Warning: Some viewers might find the video below disturbing and graphic. In a move that some are calling a misguided publicity stunt, the environmental activist group 10:10 Climate Change Campaign produced and released a gory and disturbing short film, similar to Plane Stupid's "Polar Bear" video (warning: also gory), to promote the climate change action day scheduled for October 10, 2010 (or 10/10/10). In the video above, people who don't pledge themselves to 10:10's cause (including school children and Gillian Anderson) are exploded into red, chunky goo with the press of a button. It was released last week and has resulted in a media backlash, including Sony's retraction of support of the cause. It even inspired a cartoon. Not only does the video offend and disgust, but the New York Times's Dot Earth Blog summarized another main problem with the video--the dark shadow the negative publicity has spread over the entirety of the climate change debate:
If the goal had been to convince people that environmental campaigners have lost their minds and to provide red meat (literally) to shock radio hosts and
pundits fighting curbs
on greenhouse gases, it worked like a charm. Of course the goal might have been buzz more than efficacy. Too often these days, that’s the online norm. They succeeded on that front. I, among many others, am forced to write about it. Congratulations.

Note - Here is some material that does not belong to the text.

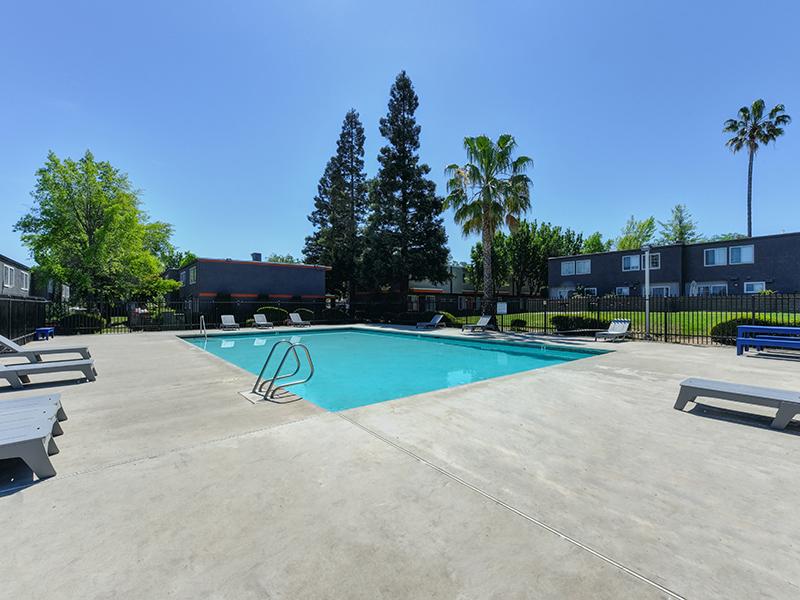 Swimming Pool | Sierra Park Townhomes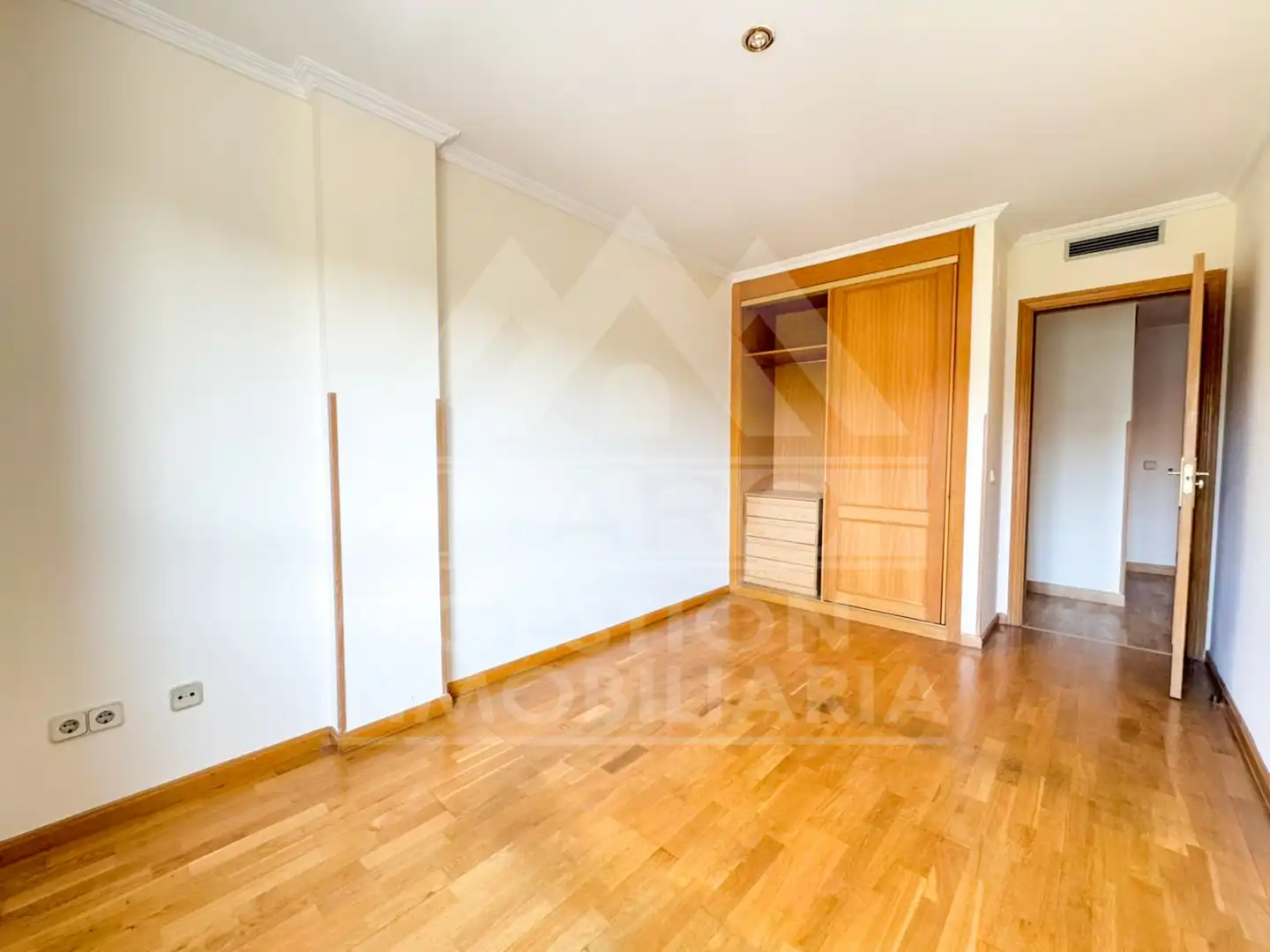 Schlafzimmer von Wohnung zum Verkauf in Madrid mit Klimaanlage, Ofen und Waschmaschine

(a supporter of 10:10's) says the ad campaign was a joke that the public just didn't get. In the original blog post about the video, they talked to 10:10 founder Franny Armstrong
But why take such a risk of upsetting or alienating people, I ask her: "Because we have got about four years to stabilize global emissions and we are not anywhere near doing that. All our lives are at threat and if that's not worth jumping up and down about, I don't know what is."
"We 'killed' five people to make No Pressure – a mere blip compared to the 300,000 real people who now die each year from climate change," she adds.
10:10 Climate Change Campaign is a project to inspire people to cut their carbon emissions by 10 percent in a year, by taking on home improvement projects or changing their lifestyle. The group issued an official apology on Monday (10/4), along with this statement to the Guardian
on Saturday (10/2) :
"With climate change becoming increasingly threatening, and decreasingly talked about in the media, we wanted to find a way to bring this critical issue back into the headlines while making people laugh," said Lizzie Gillet, 10:10 global campaign director. "We were therefore delighted when Richard Curtis agreed to write a short film for the 10:10 campaign. Many people found the resulting film extremely funny, but unfortunately some didn't and 10:10 would like to apologize to everybody who was offended by the film."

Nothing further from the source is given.